Но очень скоро Коолю предоставилась возможность разобраться в тонкостях военного ремесла. В апреле того же 1924 года в СССР впервые по окончании гражданской войны объявили призыв мирного времени в регулярную армию. Под него попал и 22-летний курский поэт-комсомолец. Очевидно, знакомства и работа в райкоме сыграли свою роль, его направили не в какой-нибудь захудалый окраинный гарнизон, а в Москву.

На новом месте требовалось зарекомендовать себя, определиться на службу покультурнее и перспективнее, не за обозными лошадьми ходить, а где-нибудь при политотделе, по партийно-комсомольской линии. Разумеется, Кооль не забыл взять с собой газетку со стихотворением, показал начальству. Опытные военные не могли не заметить недочеты, но они оправдывались поэтической вольностью, и автор был «свой» - полковой талант! Пригодится в политработе. А песни были очень нужны, да еще и свежие, революционные! Подходящих строевых песен ох как не хватало! «Смерть комсомольца» дали разучить запевалам, темп ускорили, и красноармейцы грянули ее, маршируя на Ходынском поле.
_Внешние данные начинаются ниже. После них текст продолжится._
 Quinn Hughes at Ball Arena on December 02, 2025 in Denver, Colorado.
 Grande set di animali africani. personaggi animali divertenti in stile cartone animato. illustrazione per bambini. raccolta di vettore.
У нее нашлись и другие ценные качества. В варианте Кооля в произведении не стало никакой конкретики. Абстрактный бой, случившийся не пойми где. Произвольная жертва – «боец молодой». Такую песню мог подхватить любой. И сама она была проникновенной, жалостливой. Трогала душевные струны, словно пальцы гитару. «Смерть комсомольца» нравилась слышавшим ее комиссарам и командирам, ее просили списать для своих частей. Она нравилась бойцам, ее пели на концертах самодеятельности, в казармах. Она стала разлетаться по всей стране.

Однажды казачий напев на исправленные слова услышал руководитель ансамбля песни и пляски Красной армии Александр Васильевич Александров. А уж он-то знал толк в творчестве, умел отличать шедевры от дешевки – раньше был профессором Московской консерватории и регентом в храме Христа Спасителя. Александров профессионально доработал песню и сразу включил в репертуар ансамбля как «народную». Вот так маньчжурская степь за рекой Ляохэ превратилась в украинскую, казаки преобразились в комсомольцев, японцы оказались вдруг белогвардейцами, и появилась одна из лучших песен о гражданской войне.

Для Кооля «Смерть комсомольца» принесла желаемые плоды. Его «заметили», и служба в армии стала ступенькой к дальнейшему продвижению. От командования он имел самые лучшие рекомендации, поступил в ОГПУ, заочно учился в МГУ, Институте красной профессуры, МГПИ им. Ленина. Но способности, видимо, оказались не слишком блестящими или идеологически отклонился не туда, куда требовал «текущий момент». Невзирая на солидные и многообразные образования, он не достиг значительных успехов в карьере. С 1948 года застрял на скромной должности преподавателя во Всесоюзном заочном финансово-кредитном техникуме.

Между тем, Сталин высоко ценил творческих работников, щедро одаривал премиями, наградами. А Кооля по-прежнему тянуло на литературную стезю. В годы Великой Отечественной, будучи политработником в Эстонском стрелковом корпусе, он взялся переводить эстонский эпос «Калевипоэг». Потом решил разыграть и старую карту, в 1950 году заявил о своем авторстве уже популярной песни. Пожелтевший номер «Курской правды» со стихотворением он разыскал и сумел доказать, что произведение принадлежит ему. Пожал лавры, заслужил известность в качестве признанного советского поэта. Но больше ничего достойного Кооль почему-то не создал. «Смертью комсомольца» его известность началась и ею же ограничилась.